▶ _WORK ITEM_
Starting at the line below that contains "Welkom Terug Op" and ending at the line that contains "Route the switch", retype each line exactly as it stands, but omit the pictures.

▶ _PROVIDED MATERIAL_
*** Block opens ***

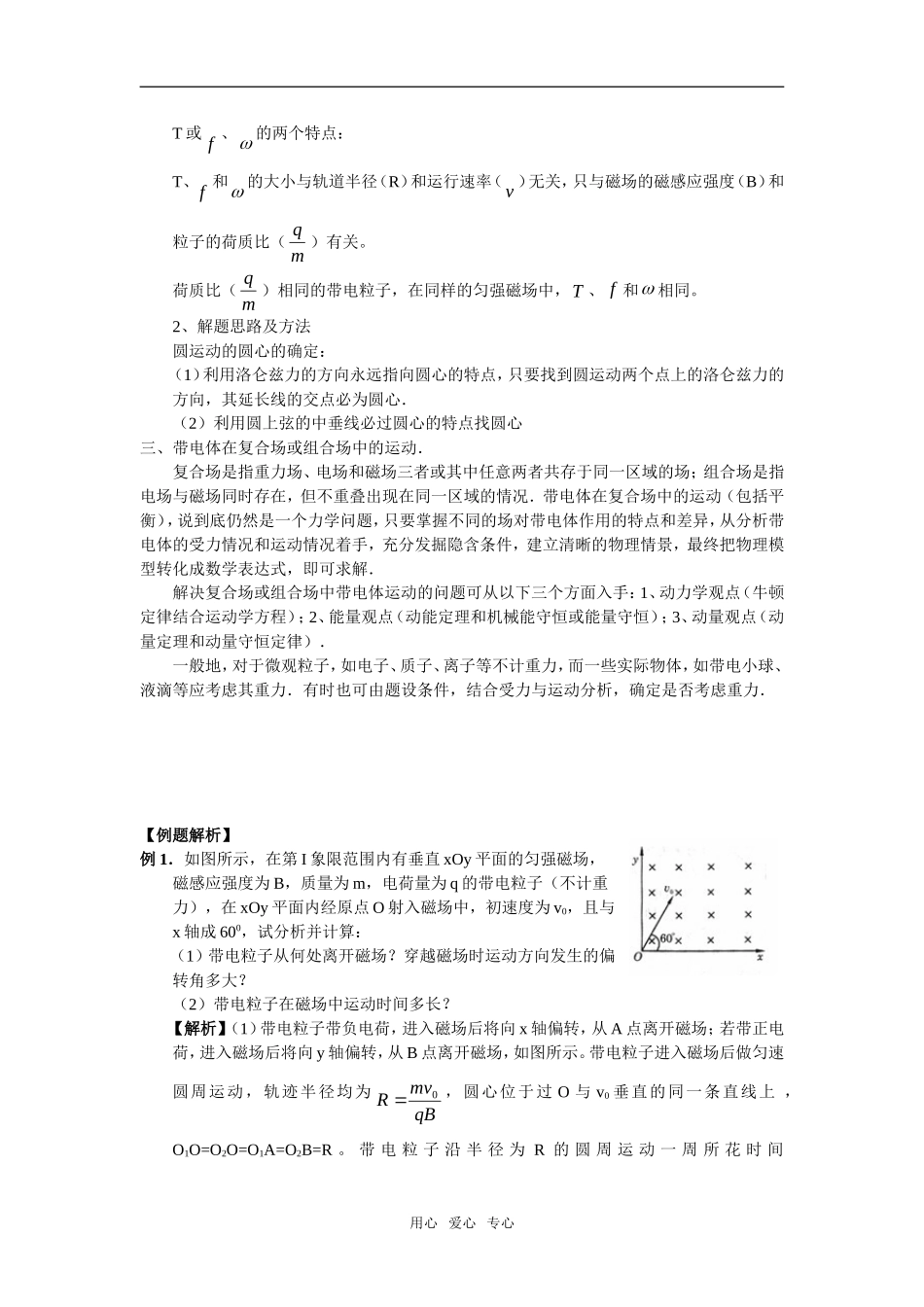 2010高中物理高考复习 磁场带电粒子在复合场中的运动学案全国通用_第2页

*** Block closes ***
*** Block opens ***

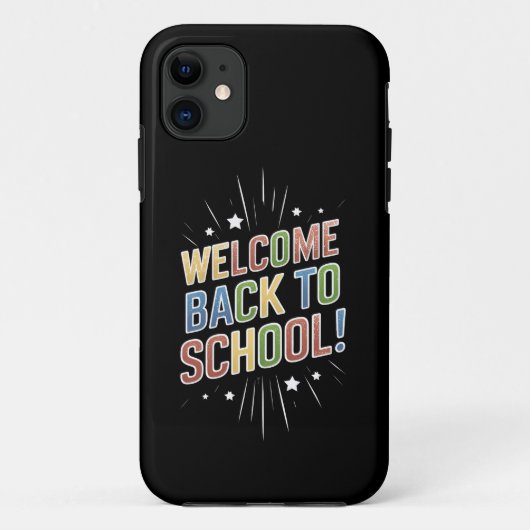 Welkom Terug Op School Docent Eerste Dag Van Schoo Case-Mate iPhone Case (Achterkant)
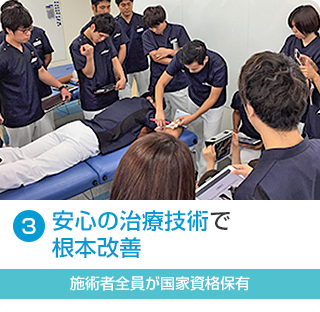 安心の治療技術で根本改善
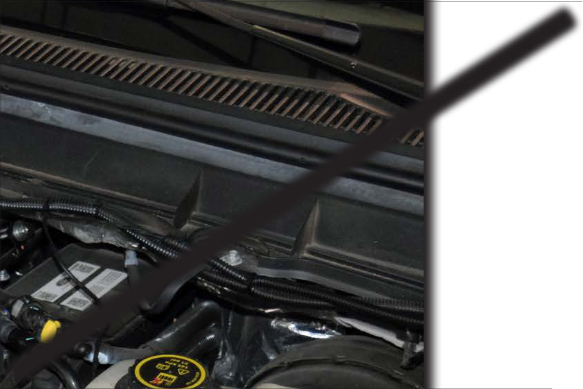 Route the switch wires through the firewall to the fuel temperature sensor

*** Block closes ***

▶ _EXERCISE ANSWER_
 Welkom Terug Op School Docent Eerste Dag Van Schoo Case-Mate iPhone Case (Achterkant)
 安心の治療技術で根本改善
 Route the switch wires through the firewall to the fuel temperature sensor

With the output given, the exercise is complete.